Hey AnkiHub team! I study while walking on a treadmill and use a Nintendo Switch controller to flip cards. This setup works great… until I want to ask the AI a question. Typing mid-walk is clunky at best and dangerous at worst. I’d love to just talk to the AI like a study buddy through my headphones.
I actually built a janky add-on for this last year using Gemini’s API before the AnkiHub AI was released. My goals were:
- Let users ask questions verbally without spoiling the answer (e.g., “Why is this term controversial?” → AI gives hints without the card’s answer text until you flip it).
- Force active recall by making the AI avoid priming. For example, if I ask “What’s the mechanism of action?” on an unflipped card where the answer is directly relating to the mechanism of action, it should respond with “Think about the enzyme pathways that got us here” instead of reciting the answer.
- Keep costs low (Gemini was affordable, but now I’m eyeing DeepSeek R1 even though Sonnet 3.6 has the best vibe).
But despite my prompting being good, my code is amateurish. I couldn’t solve key issues like image occlusion card support or audio/vision processing. Your AI integration is way smoother – could voice interaction be added natively?
Proposal Details
Use Cases:
- Treadmill/controller users: Speak questions via mic, hear answers through headphones without touching a keyboard.
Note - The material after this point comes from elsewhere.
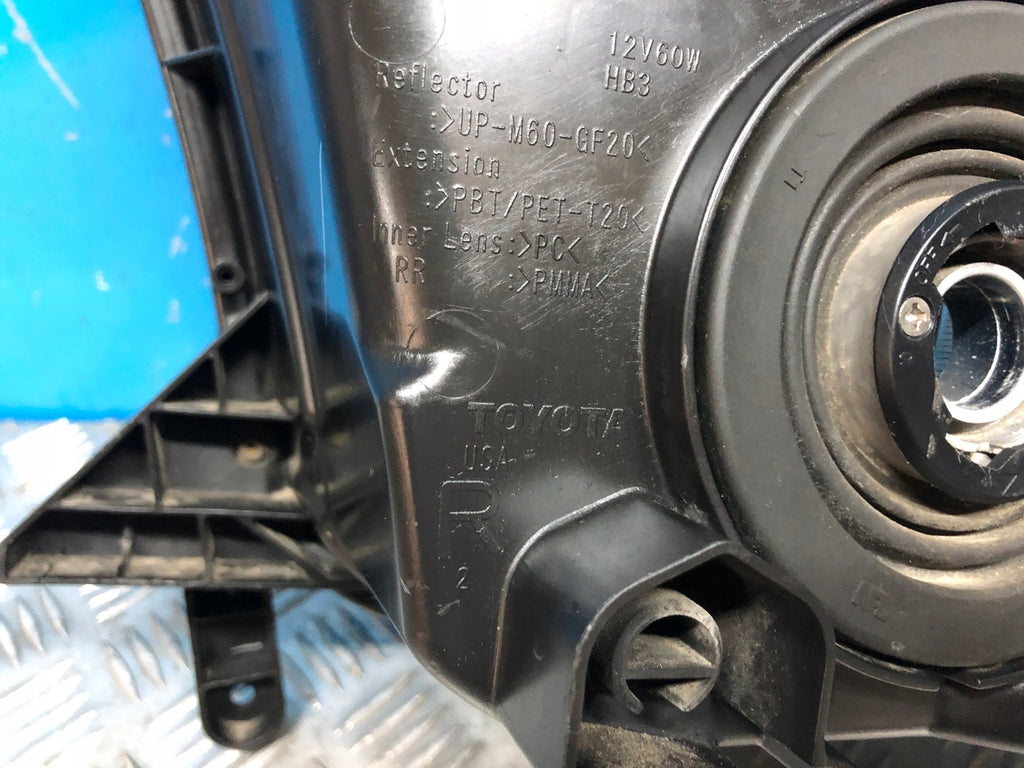 Frontscheinwerfer Toyota Tundra Rechts Scheinwerfer Headlight SCH5213806448qr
- Anti-spoiler mode: AI references the card’s broader context (tags, linked notes) but never leaks the answer until you flip/reveal it.
- Active recall reinforcement: If you ask about the answer pre-flip, the AI guides you to discover it yourself (“What do you remember?” or “Try guessing. It’s better to get it wrong than to not try at all.”).
Technical Approach:
- Speech-to-text: Whisper (fast) or browser-native Web Speech API (no setup).
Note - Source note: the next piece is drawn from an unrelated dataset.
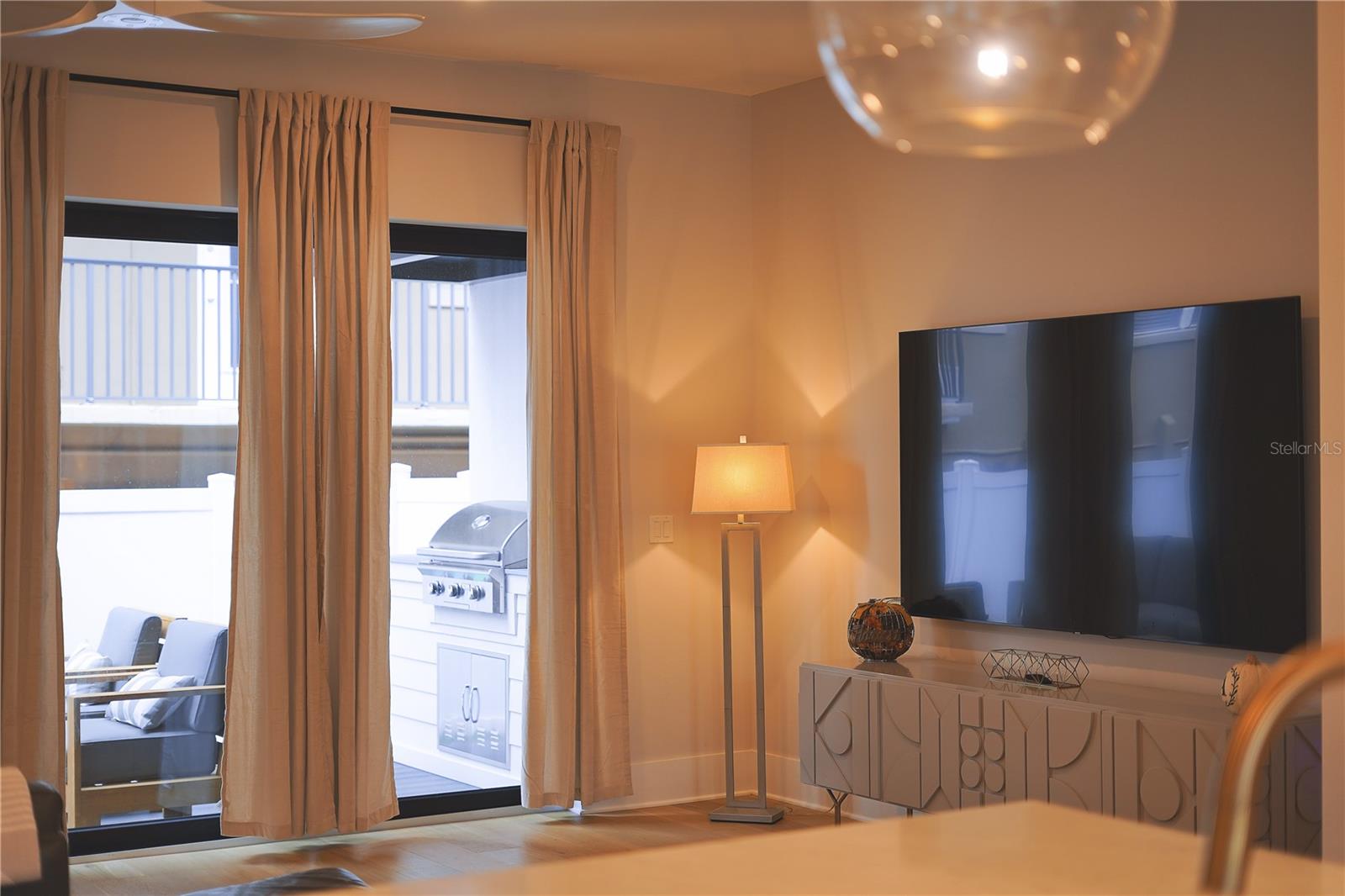 Image 14 of 33 For 233 8th Street N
- Text-to-speech: Options like Kokoro or Piper to reduce latency/cost.
- Trigger: Physical button mapping (for Switch controllers) or “always listen” with a toggle.
- Backend: Use DeepSeek R1/Claude Haiku for cheap text, save Sonnet/Gemini for future image/video queries.
Future Possibilities:
- “AnkiHub, create a cloze from this” → auto-generate cards via voice.
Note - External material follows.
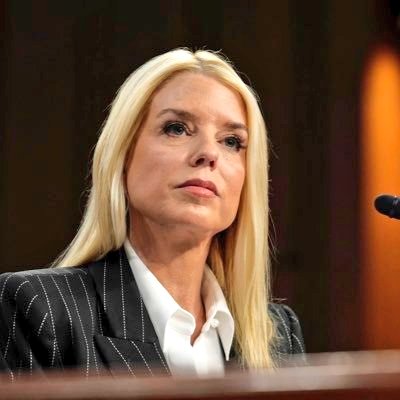 Do you support the way Pam Bondi handling things as AG

Thumbs up or down?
- Image occlusion support via screenshot + voice (“Make a new card to occlude the third step in this diagram”).
- Access to Notability backups to reference what course material has been covered or not
- Persistent memory on card progress using the memory Model Context Protocol server so the AI can best tailor its responses to you based on your previous conversations on certain cards or topics
Voice would let kinetic learners like me interact with AnkiHub’s AI without breaking focus. The anti-spoiler piece is crucial – I want to struggle with active recall first, then use the AI to deepen understanding post-flip. Given y’all’s knack for polish (and my failed attempts), I’d love to see this happen!